Task to carry out – Omitting all images, set down every line below exactly as it appears.
------------------------
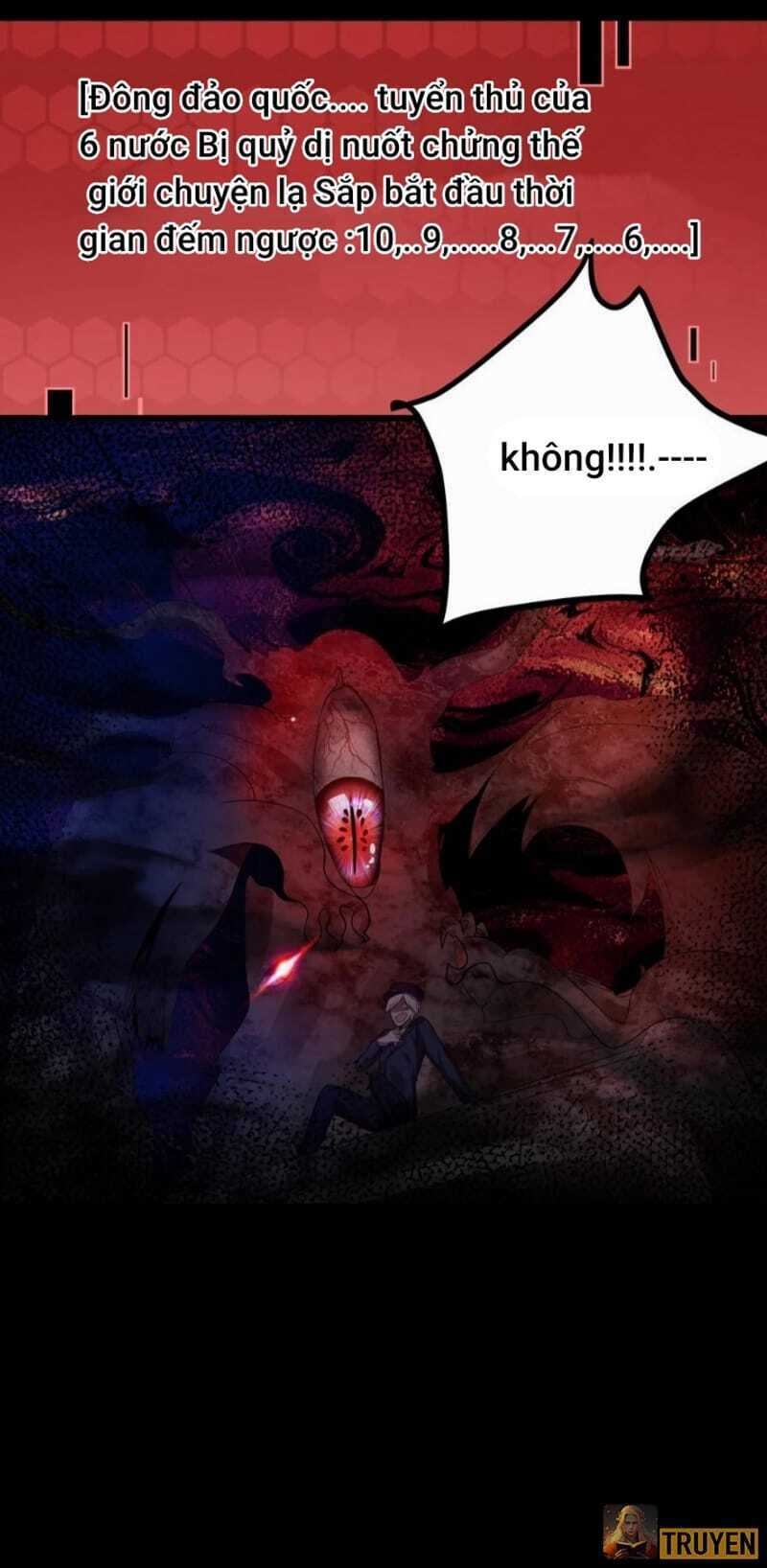 Quy Tắc Chuyện Lạ: Bắt Đầu Hóa Thân Đánh Lui Chiến Thần Chapter 30 - Trang 2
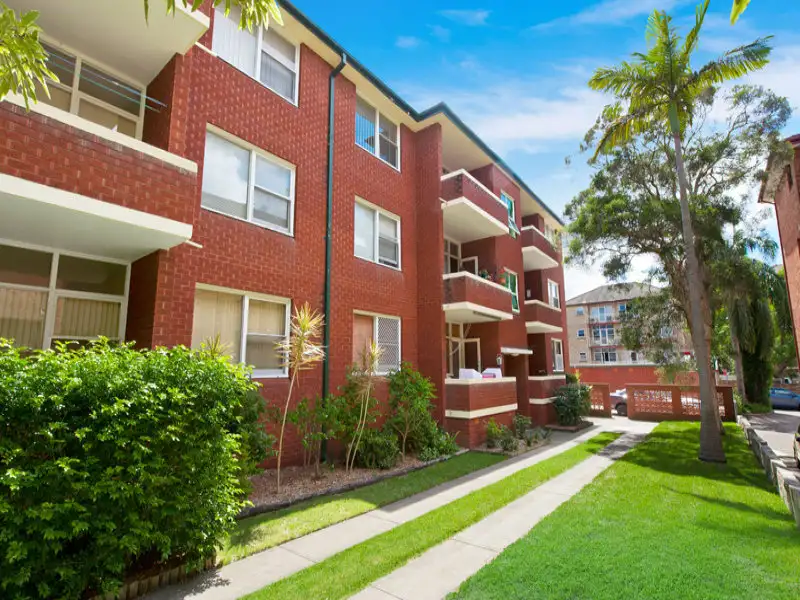 Main view of Homely unit listing, 12/2 President Avenue, Kogarah NSW 2217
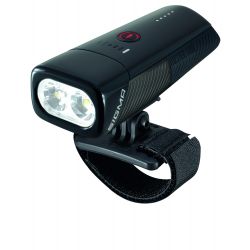 Sigma Forlygte Buster 1100 Hl Cykellygte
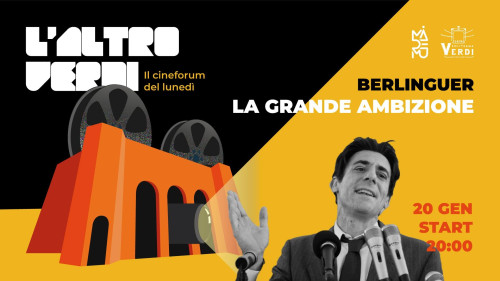 L'Altro Verdi | Berlinguer - La grande ambizione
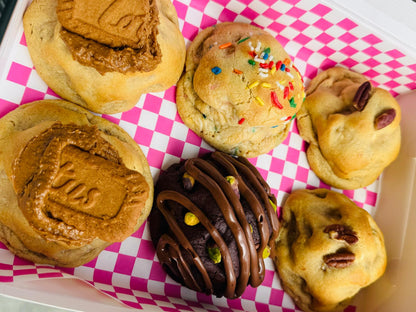 Cookies Bundle x6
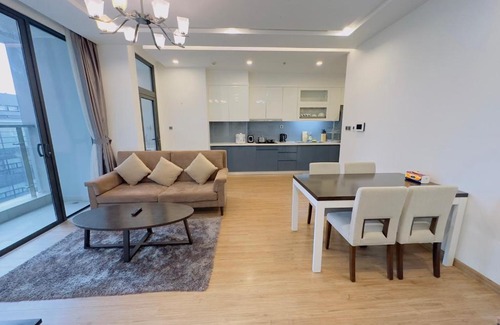 Ngoc Khanh Apartamento | Vinhomes Metropolis Apartment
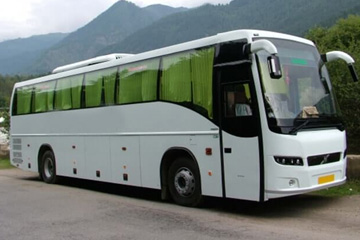 59 Seater Coach Rentals Service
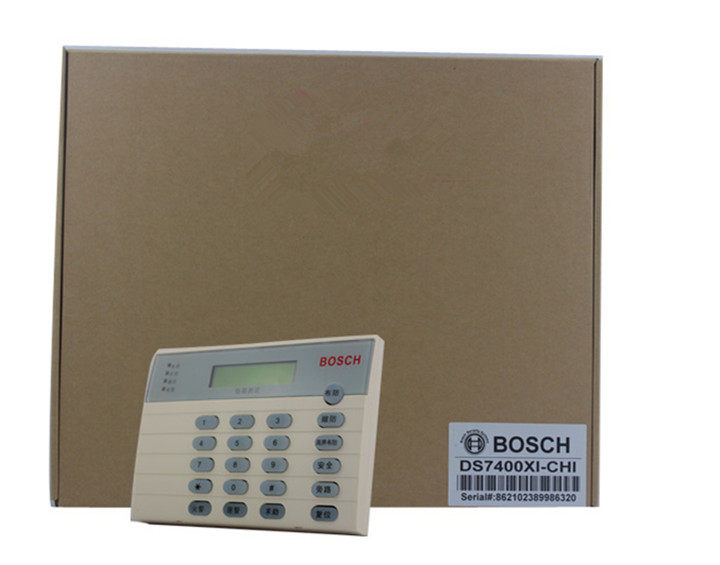Bosch DS7400XI-CHI bus brake alarm host burglar wired infrared pair shooting perimeter 7447 alarm 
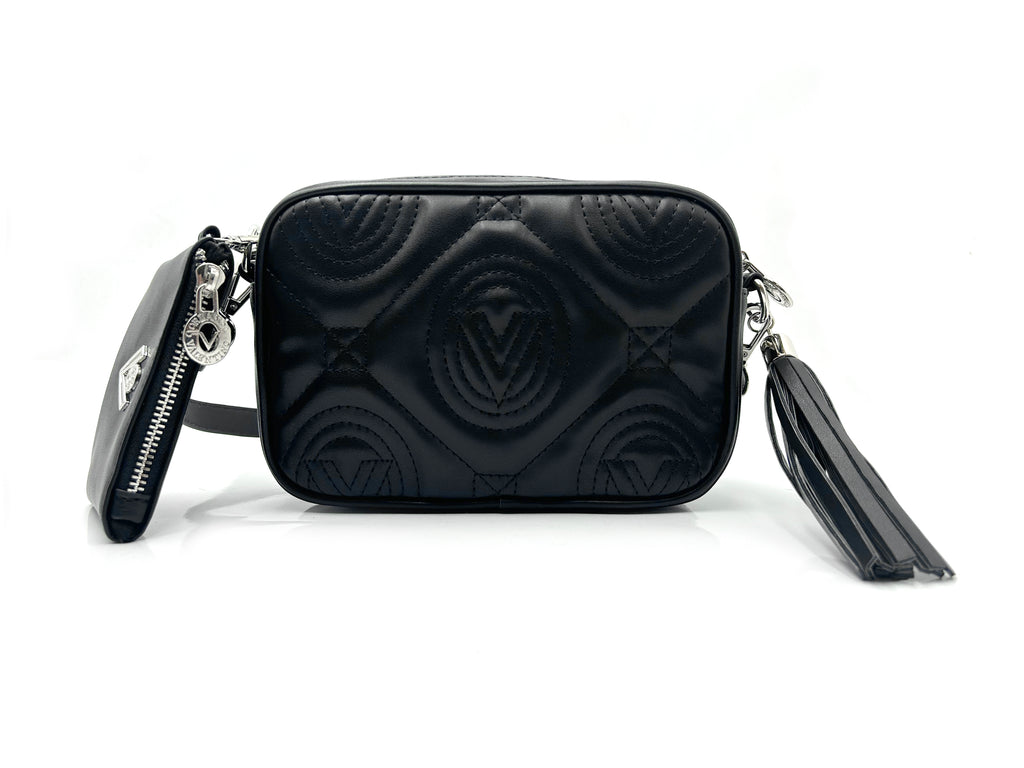 Valentino Orlandi Rounded Monogram Bag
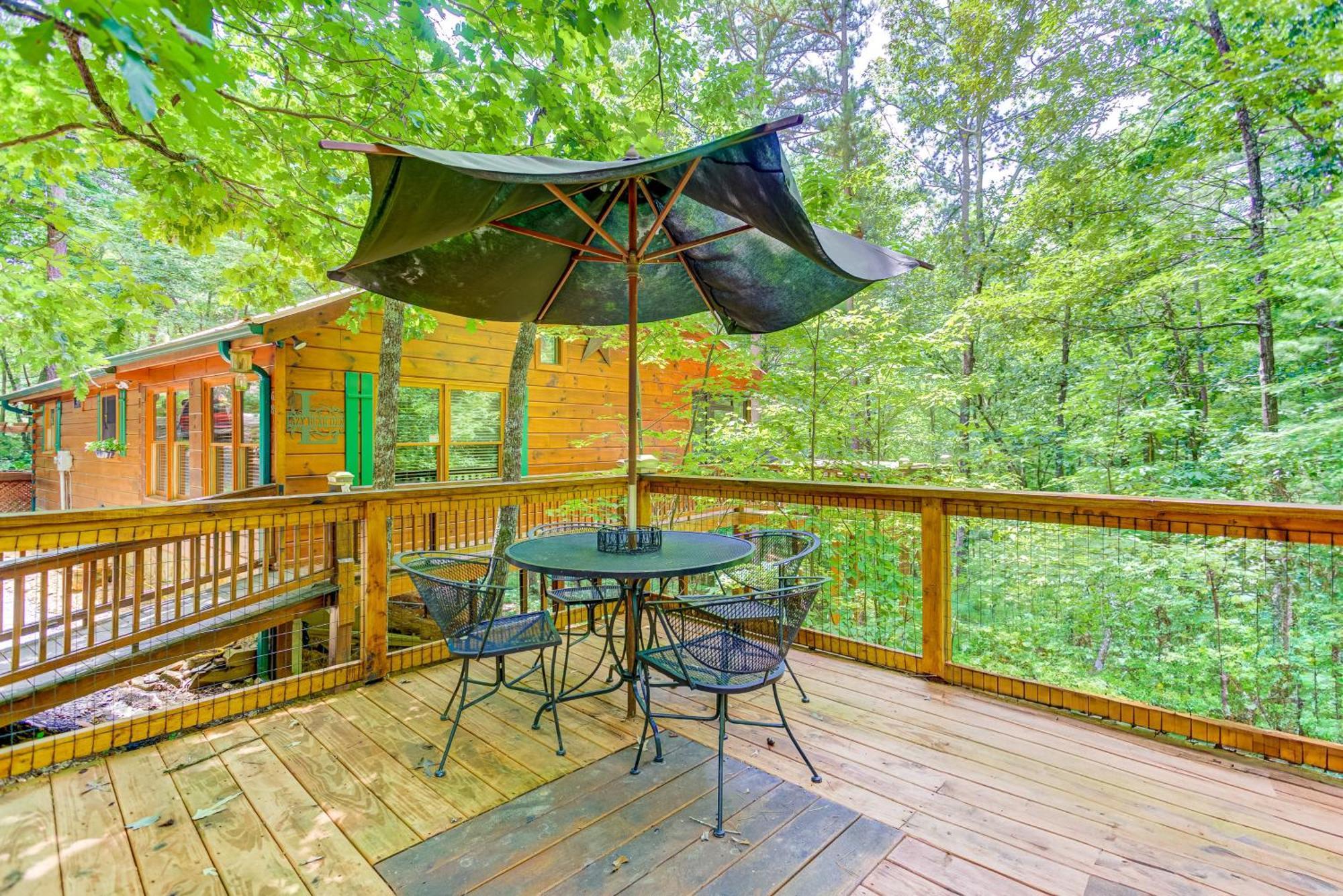 Lazy Bear Den - 2 Bed 1 Bath Vacation Home In Blue Ridge Zewnętrze zdjęcie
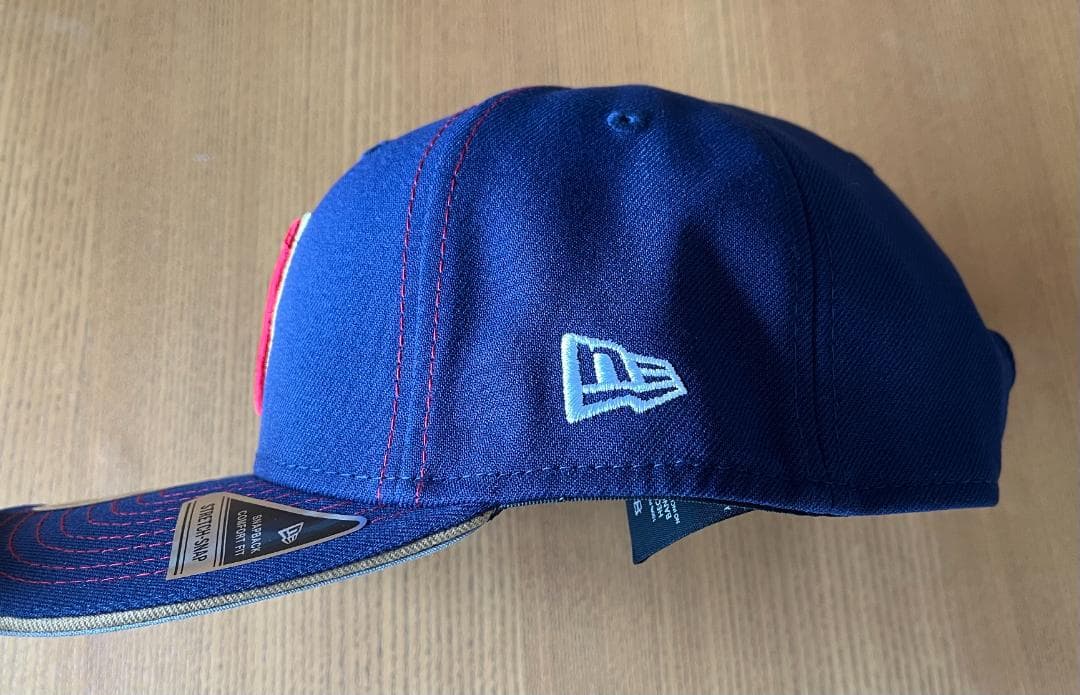 正规品 New Era 9SEVENTY 侍ジャパン 2026 WBC キャップ
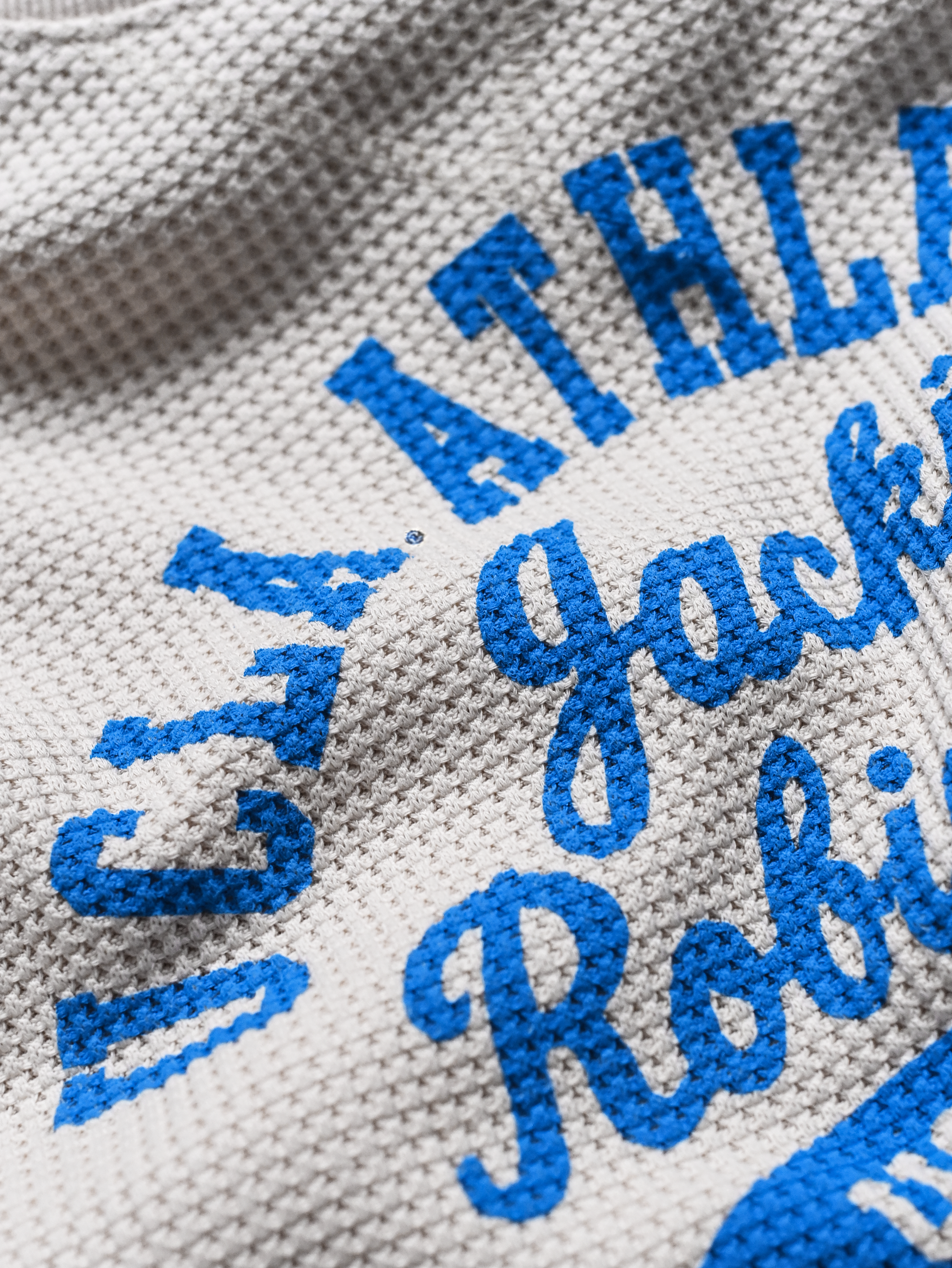 UCLA - Jackie Robinson Legacy Ivory Thermal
------------------------
Exercise answer –
 Quy Tắc Chuyện Lạ: Bắt Đầu Hóa Thân Đánh Lui Chiến Thần Chapter 30 - Trang 2
 Main view of Homely unit listing, 12/2 President Avenue, Kogarah NSW 2217
 Sigma Forlygte Buster 1100 Hl Cykellygte
 L'Altro Verdi | Berlinguer - La grande ambizione
 Cookies Bundle x6
 Ngoc Khanh Apartamento | Vinhomes Metropolis Apartment
 59 Seater Coach Rentals Service
Bosch DS7400XI-CHI bus brake alarm host burglar wired infrared pair shooting perimeter 7447 alarm 
 Valentino Orlandi Rounded Monogram Bag
 Lazy Bear Den - 2 Bed 1 Bath Vacation Home In Blue Ridge Zewnętrze zdjęcie
 正规品 New Era 9SEVENTY 侍ジャパン 2026 WBC キャップ
 UCLA - Jackie Robinson Legacy Ivory Thermal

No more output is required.